(Prompt): Write out all the entries below without any change.

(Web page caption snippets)
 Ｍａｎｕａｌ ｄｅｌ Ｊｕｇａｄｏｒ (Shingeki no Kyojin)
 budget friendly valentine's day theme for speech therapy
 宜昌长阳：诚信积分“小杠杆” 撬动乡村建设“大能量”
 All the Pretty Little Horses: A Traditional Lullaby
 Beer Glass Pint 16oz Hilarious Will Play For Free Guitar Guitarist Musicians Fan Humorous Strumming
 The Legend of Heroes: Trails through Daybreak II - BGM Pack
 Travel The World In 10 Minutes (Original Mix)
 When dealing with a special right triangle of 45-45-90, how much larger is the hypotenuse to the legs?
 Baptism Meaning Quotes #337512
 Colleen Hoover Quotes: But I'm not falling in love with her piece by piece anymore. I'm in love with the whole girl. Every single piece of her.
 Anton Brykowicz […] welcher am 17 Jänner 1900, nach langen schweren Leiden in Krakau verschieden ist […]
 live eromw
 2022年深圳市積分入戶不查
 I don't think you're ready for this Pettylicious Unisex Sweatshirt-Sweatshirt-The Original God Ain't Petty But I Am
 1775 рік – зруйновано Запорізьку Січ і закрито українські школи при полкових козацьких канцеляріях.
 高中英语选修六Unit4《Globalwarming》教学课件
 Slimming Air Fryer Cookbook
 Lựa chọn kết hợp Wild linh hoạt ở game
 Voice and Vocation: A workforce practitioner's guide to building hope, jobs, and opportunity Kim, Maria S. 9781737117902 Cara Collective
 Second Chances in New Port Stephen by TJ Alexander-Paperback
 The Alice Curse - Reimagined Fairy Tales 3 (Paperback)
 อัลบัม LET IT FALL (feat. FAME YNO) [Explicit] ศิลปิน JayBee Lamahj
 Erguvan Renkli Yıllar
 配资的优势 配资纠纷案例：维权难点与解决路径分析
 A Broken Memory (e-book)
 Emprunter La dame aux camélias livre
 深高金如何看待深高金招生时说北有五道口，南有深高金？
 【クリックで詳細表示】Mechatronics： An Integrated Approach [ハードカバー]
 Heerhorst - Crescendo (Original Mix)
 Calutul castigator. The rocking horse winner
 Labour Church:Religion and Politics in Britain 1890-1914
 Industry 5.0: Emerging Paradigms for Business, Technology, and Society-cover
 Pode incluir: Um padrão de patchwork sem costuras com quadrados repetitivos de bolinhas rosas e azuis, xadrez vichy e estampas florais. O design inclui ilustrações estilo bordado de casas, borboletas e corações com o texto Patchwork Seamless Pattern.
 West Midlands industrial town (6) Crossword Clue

(Reply to the task):
 Ｍａｎｕａｌ ｄｅｌ Ｊｕｇａｄｏｒ (Shingeki no Kyojin)
 budget friendly valentine's day theme for speech therapy
 宜昌长阳：诚信积分“小杠杆” 撬动乡村建设“大能量”
 All the Pretty Little Horses: A Traditional Lullaby
 Beer Glass Pint 16oz Hilarious Will Play For Free Guitar Guitarist Musicians Fan Humorous Strumming
 The Legend of Heroes: Trails through Daybreak II - BGM Pack
 Travel The World In 10 Minutes (Original Mix)
 When dealing with a special right triangle of 45-45-90, how much larger is the hypotenuse to the legs?
 Baptism Meaning Quotes #337512
 Colleen Hoover Quotes: But I'm not falling in love with her piece by piece anymore. I'm in love with the whole girl. Every single piece of her.
 Anton Brykowicz […] welcher am 17 Jänner 1900, nach langen schweren Leiden in Krakau verschieden ist […]
 live eromw
 2022年深圳市積分入戶不查
 I don't think you're ready for this Pettylicious Unisex Sweatshirt-Sweatshirt-The Original God Ain't Petty But I Am
 1775 рік – зруйновано Запорізьку Січ і закрито українські школи при полкових козацьких канцеляріях.
 高中英语选修六Unit4《Globalwarming》教学课件
 Slimming Air Fryer Cookbook
 Lựa chọn kết hợp Wild linh hoạt ở game
 Voice and Vocation: A workforce practitioner's guide to building hope, jobs, and opportunity Kim, Maria S. 9781737117902 Cara Collective
 Second Chances in New Port Stephen by TJ Alexander-Paperback
 The Alice Curse - Reimagined Fairy Tales 3 (Paperback)
 อัลบัม LET IT FALL (feat. FAME YNO) [Explicit] ศิลปิน JayBee Lamahj
 Erguvan Renkli Yıllar
 配资的优势 配资纠纷案例：维权难点与解决路径分析
 A Broken Memory (e-book)
 Emprunter La dame aux camélias livre
 深高金如何看待深高金招生时说北有五道口，南有深高金？
 【クリックで詳細表示】Mechatronics： An Integrated Approach [ハードカバー]
 Heerhorst - Crescendo (Original Mix)
 Calutul castigator. The rocking horse winner
 Labour Church:Religion and Politics in Britain 1890-1914
 Industry 5.0: Emerging Paradigms for Business, Technology, and Society-cover
 Pode incluir: Um padrão de patchwork sem costuras com quadrados repetitivos de bolinhas rosas e azuis, xadrez vichy e estampas florais. O design inclui ilustrações estilo bordado de casas, borboletas e corações com o texto Patchwork Seamless Pattern.
 West Midlands industrial town (6) Crossword Clue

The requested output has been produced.